Makes you wonder why they did not just pop a couple of Tualatins on a chip, instead of Pentium 4s. Tualatins are still better than anything AMD or Intel have for that, since they run so much cooler they would not have to be throttled back artificially like the Athlon 64 and Pentium 4.
Also, Intel never planned on going dual core for a good reason, it is a lousy design either way; being just a poor man's dual processor system. Instead, they designed the Itanium which focused more on instruction level parallelism instead of thread level parallelism. Obviously, the former is better since it works for every application ever written, whereas for applications where multithreading is poorly suited, multi-core systems run poorly since they are done so badly they run at lower clock speeds. Since the Itanium is a market failure, at least in the mainstream arena, Intel is forced to wring out more performance from the miserable x86 instruction set and naturally were caught flat footed since they never wanted to go this way.
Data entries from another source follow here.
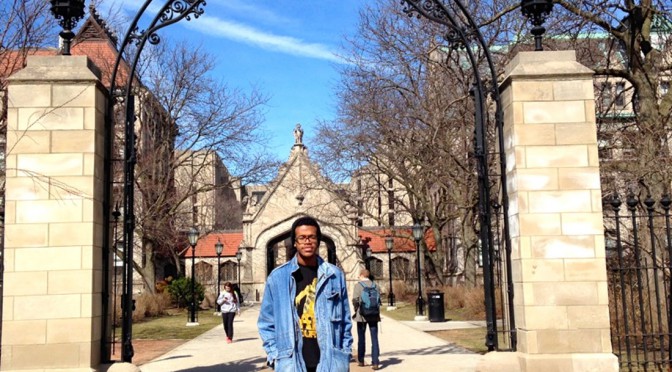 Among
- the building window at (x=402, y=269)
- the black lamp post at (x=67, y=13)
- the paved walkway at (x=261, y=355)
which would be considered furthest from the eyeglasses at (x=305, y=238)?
the building window at (x=402, y=269)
I am amazed at how well AMD and Intel have made people believe dual cores are a good thing. It is an egregious lie; it really means they have no clue how to develop processors from here on. AMD gave up much earlier, and at least realized they had no clue. Intel thought they did and jacked up the transistor count for the Prescott with all these new wonderful features, and fell on their faces because of power problems. So now they figured out what to do, add something very few people need, and those that do need them would do better with a real multiprocessor system.
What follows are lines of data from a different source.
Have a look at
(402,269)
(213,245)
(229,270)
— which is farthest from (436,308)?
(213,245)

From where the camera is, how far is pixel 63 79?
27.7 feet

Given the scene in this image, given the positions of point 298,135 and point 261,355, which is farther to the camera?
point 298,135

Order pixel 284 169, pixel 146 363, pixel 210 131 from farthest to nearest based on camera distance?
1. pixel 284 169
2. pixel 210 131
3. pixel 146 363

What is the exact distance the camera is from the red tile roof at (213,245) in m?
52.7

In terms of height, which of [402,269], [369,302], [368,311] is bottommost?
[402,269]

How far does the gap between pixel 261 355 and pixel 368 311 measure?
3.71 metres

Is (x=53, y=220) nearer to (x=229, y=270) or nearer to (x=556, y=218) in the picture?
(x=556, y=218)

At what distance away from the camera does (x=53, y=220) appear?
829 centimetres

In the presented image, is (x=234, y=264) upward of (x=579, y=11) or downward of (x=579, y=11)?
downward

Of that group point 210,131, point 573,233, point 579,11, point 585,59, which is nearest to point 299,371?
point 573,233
I wonder how much money is wasted on too powerful PCs, in terms of electricity every year. When you factor in how many people do mainly surfing the internet, or playing MPEGs or similarly simple things like this, and are using 75 watt processors to do this. Multiply it by the millions and millions that have these machines, and it has to be a huge amount of money that is wasted every year. Now these bozos crank it up even more with dual processors when virtually no one even needed the highest speed single processor. And, of course, if they did need a dual processor, or more, configuration, they should get a real one instead of some half-rate dual core system with a shared memory bus and lower clock speeds.
Still, this is a good thing somehow. Good grief.